From tech layoffs to hiring freezes, it’s no secret that the IT industry has been through a rollercoaster ride of changes these past few years. Recently, there’s been a broad-based misconception within the tech industry and across the public sector that the current restructuring we’re seeing across hyperscalers is indication of a decline in the use of cloud services.
This, however, is not the case. IT departments across the public and private sectors are still using cloud services and in large quantities. Many of the layoffs and the restructuring that we’re seeing across hyperscalers are a result of changes being made in other areas of their business, and as a “market correction” for over-hiring during the pandemic.
If anything, the use of cloud services from the large hyperscalers is increasing. And, according to Andy Grimes, emergent sales specialist for cloud services at Red Hat, one of the reasons why cloud services continue to be so in such demand across the federal government is the need for agencies to get out from underneath technical debt.
In an interview with TD SYNNEX’s GovIT Podcast, Grimes discussed the reasons why it’s essential that agencies migrate monolithic applications to the cloud, shared some of the challenges they face while doing so, and explained how open source solutions can make cloud migrations easier.
Overcoming technical debt through cloud migrations
Cost is usually top of mind for agencies when it comes to modernizing IT. In the past, before cloud services were available, the standard practice for agencies was to task a government contractor to develop one or more “purpose built” monolithic applications that would run on a mainframe or server in that agency’s data centers.
These monolithic applications were optimized to run on-prem, since there was no cloud alternative at the time. This required agencies to provision data centers, which involved buying storage solutions, servers, firewalls, routers, switches, and any other piece of “bare metal” needed for them to function.
Provisioning a data center can be a massive expense to the taxpayer. And, most agencies would over-provision to ensure that they could meet peak usage requirements. This often meant that agencies were only using a fraction of the hardware capacity that they invested in for these data centers—creating a large technical dept.
But how can agencies get rid of their technical debt? According to Grimes, agencies have to move away from the mentality of spending money on a large amount of hardware they will barely use and make the move to the cloud – where they only pay for what they use – in order to eliminate technical debt in the long run.
But just because these workloads and applications are moved to the cloud and modernized doesn’t mean they have to stay there. In fact, it’s actually sometimes more expensive to keep an application running in the cloud than it is to host it in a data center. As Grimes explains, for these applications, a move back to the data center could be in order, but only after they’ve been modernized and containerized in the cloud.
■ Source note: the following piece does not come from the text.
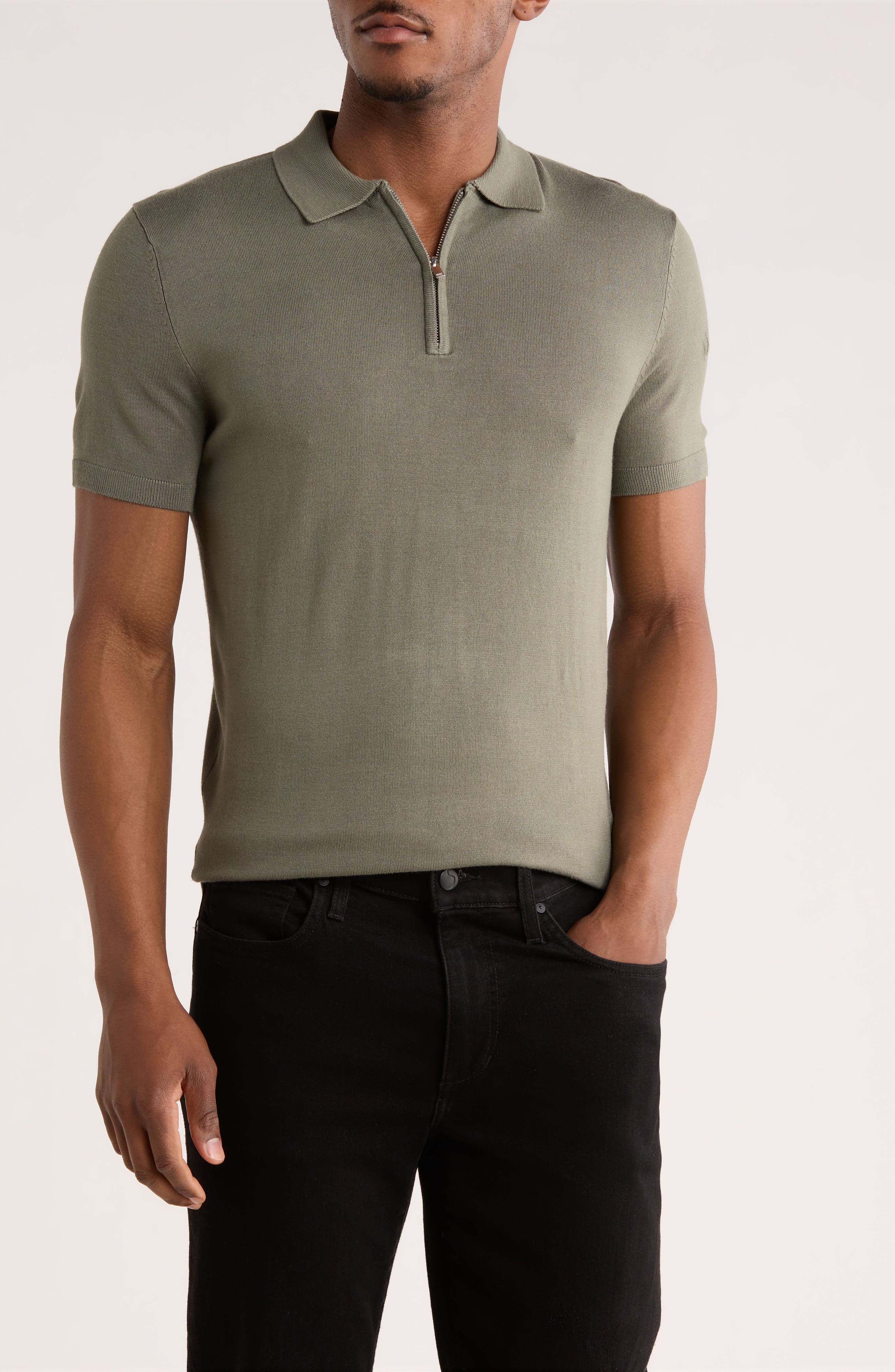 DENIM AND FLOWER Quarter Zip Polo Sweater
“There are aspects of [the cloud] that are expensive. I could run this in my data center cheaper than I do in the cloud. You can if you’re already cloud-native, and you’re out of your technical debt,” explained Grimes. “You’ve now created [a] cloud-native, horizontally scalable [application], and your data sets have been rationalized. You’ve done a lot of technical debt retirement and now you have the ability to stand up a data center.”
Why Open Source tools are essential
That middle step – the modernization and containerization of applications – is where today’s readily available cloud tools and open source software solutions are beneficial.
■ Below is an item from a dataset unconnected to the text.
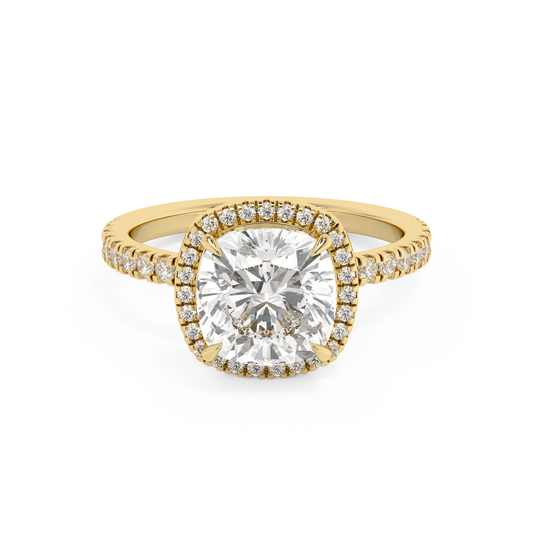 Emerald Solitaire Lab Grown Diamond Engagement Ring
Different hyperscale cloud providers offer a range of open source tools and solutions designed to make the migration and usage of applications in their cloud solutions easier and more accessible for government agencies. This includes open source software applications and tools that can help with application development and application modernization.
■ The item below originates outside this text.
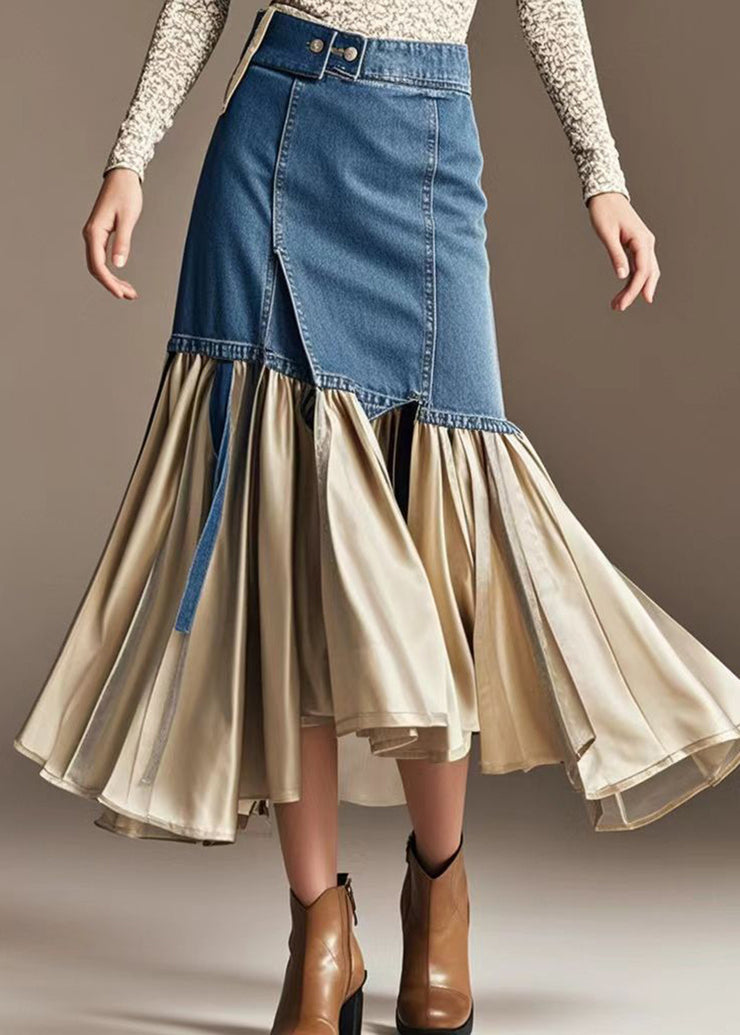 Champagne Patchwork Denim Wraped Skirts Wrinkled Fall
According to Grimes, “A government agency’s mission is to deliver services back to stakeholders, constituents, [and] to consumers, and the more efficiently you could do that, the better. Open Source is a great way to start this process to break the dependencies on monolithic applications and those enterprise licensing agreements and things that tend to trap you in technical debt.”
This makes open source solutions an important part of the cloud migration process, since they can be leveraged to move applications into the cloud, and then more easily modernize and containerize them. And there is another massive benefit to open source applications and tools – practically everyone coming out of college IT programs today knows how to use them.
“Everybody in college is using [Open Source] because [it’s] free. You can throw a brick down the street in a college town and hit 20 people who know open source tools. Regardless of where government tends to deliver services from distributed locations, [they] need to be able to find people to [work with] these new applications,” said Grimes. “Using open source tools to develop cloud-native [applications], and being able to run them in cloud or on-prem is really valuable to those organizations because they can reduce their technical debt in the applications but also reduce their skill dependency.”